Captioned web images

+===+

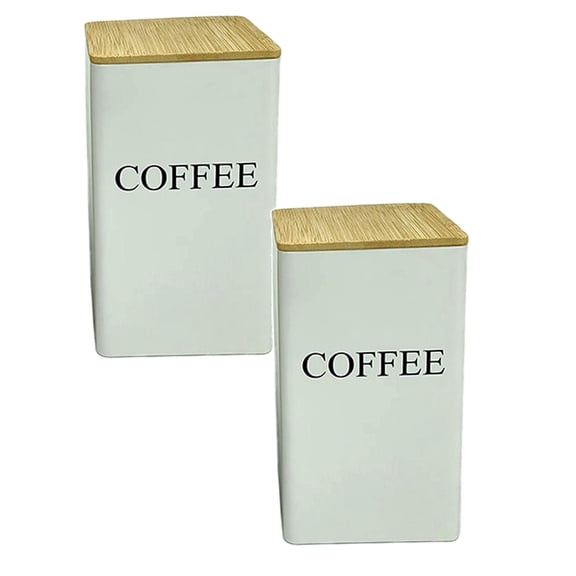 2Pcs Coffee Tea Container Metal Vintage Kitchen Canister With Airtight Lids Food Storage Container Jars For Kitchen Counter Farmhouse Kitchen Home Food Storage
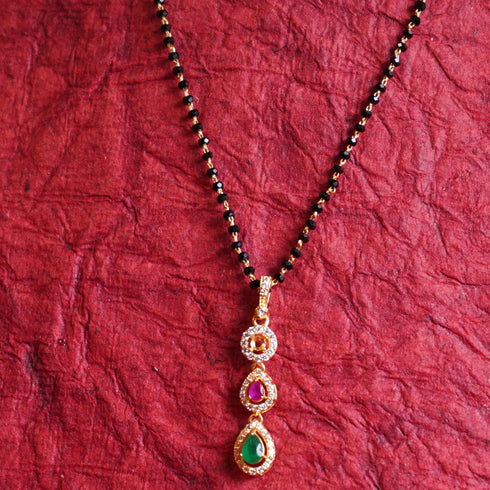 22 Carat Gold Black Beads With PinkGrean And White Stone Locket Mangalsutra 6.1g by Mahita Collections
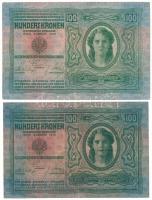 1912. 100K felülbélyegzés nélkül, 2xklf színváltozat: "1170" barnás nyomat + "2301&qu...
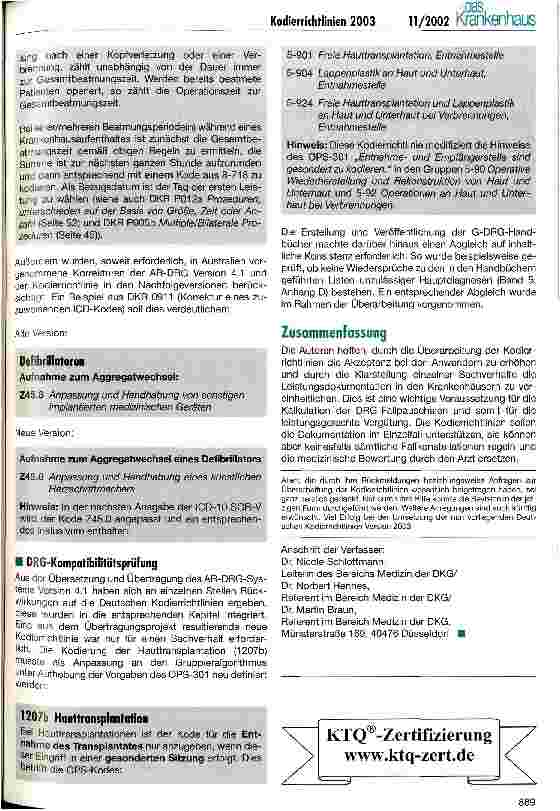 Vorschauseite 5: Anpassung der Deutschen Kodierrichtlinie für 2003
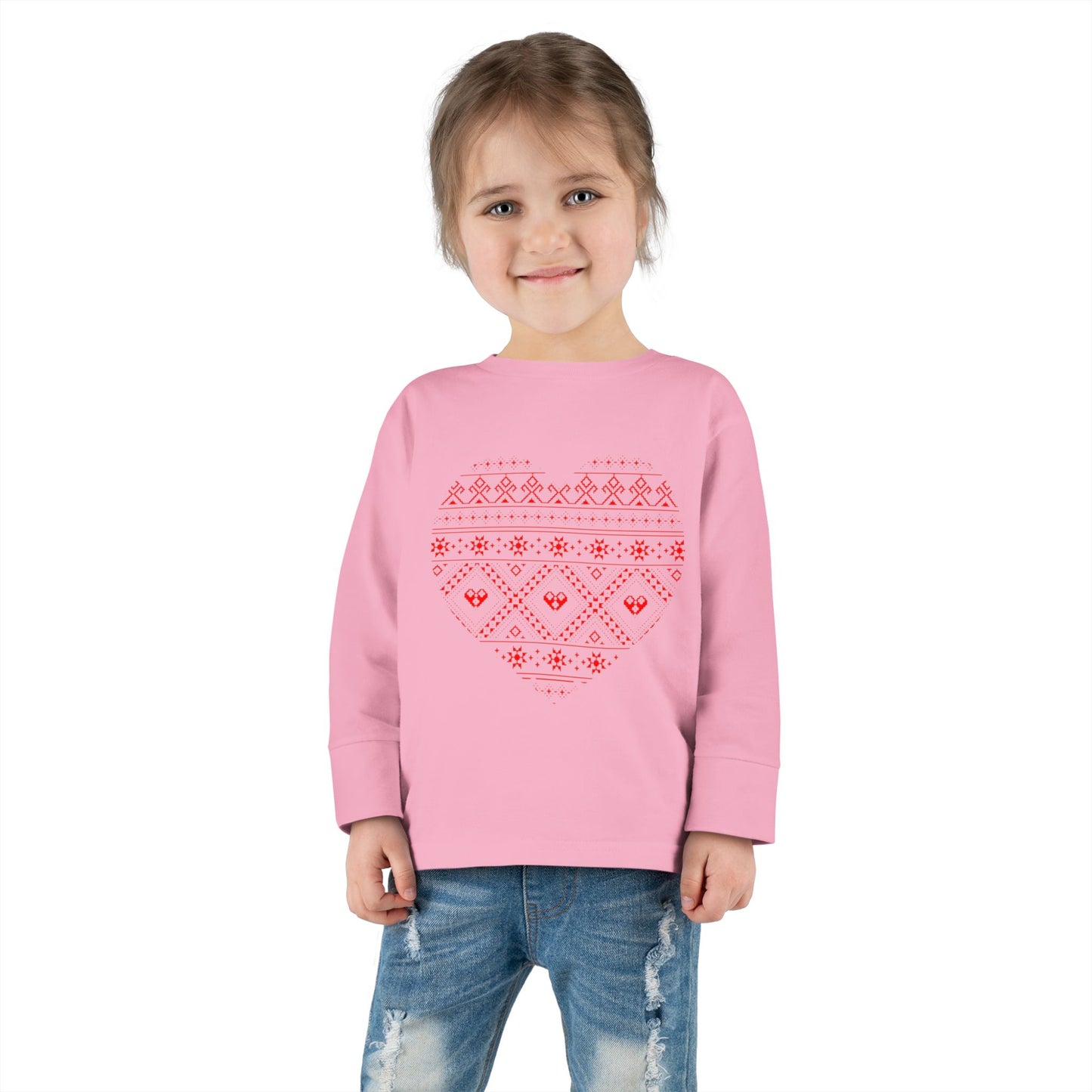 Toddler Long Sleeve Tee - Heart Pattern Love Shirt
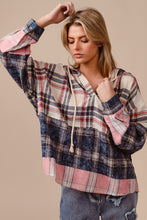 Plaid Combo Hoodie Top (REG)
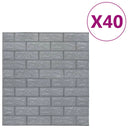 3D Τούβλα Ταπετσαρίας Αυτοκόλλητα Ανθρακί 40 τεμ.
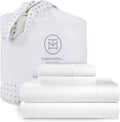 Threadmill Cotton Full Size Sheet Set | 100% Cotton Sheets for Full Size Bed | Damask Jacquard Full Bed Sheets Set with 16” Deep Pocket | Soft Sateen Weave 4-Piece Cooling Bedding Set | White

+===+

Goal of the exercise
Pictures excluded, set down all the entries exactly.

Answer for the task
 2Pcs Coffee Tea Container Metal Vintage Kitchen Canister With Airtight Lids Food Storage Container Jars For Kitchen Counter Farmhouse Kitchen Home Food Storage
 22 Carat Gold Black Beads With PinkGrean And White Stone Locket Mangalsutra 6.1g by Mahita Collections
 1912. 100K felülbélyegzés nélkül, 2xklf színváltozat: "1170" barnás nyomat + "2301&qu...
 Vorschauseite 5: Anpassung der Deutschen Kodierrichtlinie für 2003
 Toddler Long Sleeve Tee - Heart Pattern Love Shirt
 Plaid Combo Hoodie Top (REG)
 3D Τούβλα Ταπετσαρίας Αυτοκόλλητα Ανθρακί 40 τεμ.
 Threadmill Cotton Full Size Sheet Set | 100% Cotton Sheets for Full Size Bed | Damask Jacquard Full Bed Sheets Set with 16” Deep Pocket | Soft Sateen Weave 4-Piece Cooling Bedding Set | White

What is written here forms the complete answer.